Research is ongoing to establish a definitive guide to navigate the ketogenic diet and some of the data is still nascent. It is advisable for anyone attempting the diet to do so under supervision and get regular tests done, to minimise the unpleasant side effects that may occur.
REH: Since more protein and fewer carbohydrates are the most common modifications of the keto diet, it can result in health complications over time. Changes in the macronutrient composition affect hormones, 14 metabolic pathways, gene expression, and the composition and function of the gut microbiome, which might affect fat storage. This can burden the organs and lead to conditions including kidney diseases and, eventually death if not treated or monitored.
Are there any conditions for which the diet is beneficial?
REH: Early research suggests that a keto diet that is closely monitored and based on individual needs, for a shorter period of time, may benefit several health conditions, including epilepsy, metabolic syndrome, glycogen storage disease and type 2 diabetes.

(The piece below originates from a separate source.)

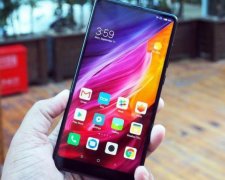 У мережу злили фото флагмана Xiaomi з камерою у несподіваному місці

If a person is following the keto diet for weight-loss reasons, for how long can they do so safely?
REH: To minimise the adverse effects of ketosis on the body, I suggest that the ketogenic diet not exceed a 28-day cycle. This should be sufficient to initiate weight loss if other prescribed diets have failed, depending on each individual's needs and condition. Every cycle of the diet could be initiated again when the rate of weight loss has decreased, but for no longer than three cycles. It is important to keep in mind that old lifestyle habits will affect weight regain and health status, so any weight-loss plan should not be initiated without the supervision of a healthcare provider and dietician.
MDS: Get the required tests done, establish your core markers of health and the recommended ranges before going on any extreme diet.
What is a suitable substitute to the keto diet?
MDS: That's an easy one – a wholesome, plant-dominant diet with plenty of fresh fruits and vegetables. Also, engage in mindful eating – eat to nourish your body, avoid TV and mobile screens while eating, avoid grazing and processed foods, and follow professional advice if needed.
In general, is it time we got over quick-fix diets?
MDS: Weight loss is sustainable only if done over a period of time. Quick-fix diets are not permanent; we see many examples of people regaining the lost weight and more. The ketogenic diet may be beneficial to a few, but its long-term sustainability is one of its main caveats.
Take the case study of one of my clients, a lady in her late forties, who went on a keto diet based on the advice of a social media influencer, who cited the example of how she transformed herself. Followers were told they are allowed to eat slabs of butter every day to meet their fat needs, plus free-flowing ghee, coconut oil, fried burger patties without the bread and so on.
As enjoyable and tasty as it was initially, a stage came when my client had zero energy, suffered severe acidity and started losing her hair. A check at the clinic showed that her ferritin levels had hit rock bottom, her cholesterol and triglycerides had skyrocketed, her gut microbiome had suffered due to a lack of prebiotics and probiotics, and a few other blood markers were out of whack.
On top of this, her fear of the weight coming back caused her mental trauma. We are now helping her transition to a healthier eating plan, replenishing the deficiencies and treating her gut, yet without weight gain.
My question is, why do anything that's not sustainable? How is it logical to eat a whole slab of butter a day and consider it healthy? How and why would you want to be so adventurous with your health and believe everything you see on social media? Celebrities with personal chefs and high budgets cannot be the markers for determining our own trajectory to better health.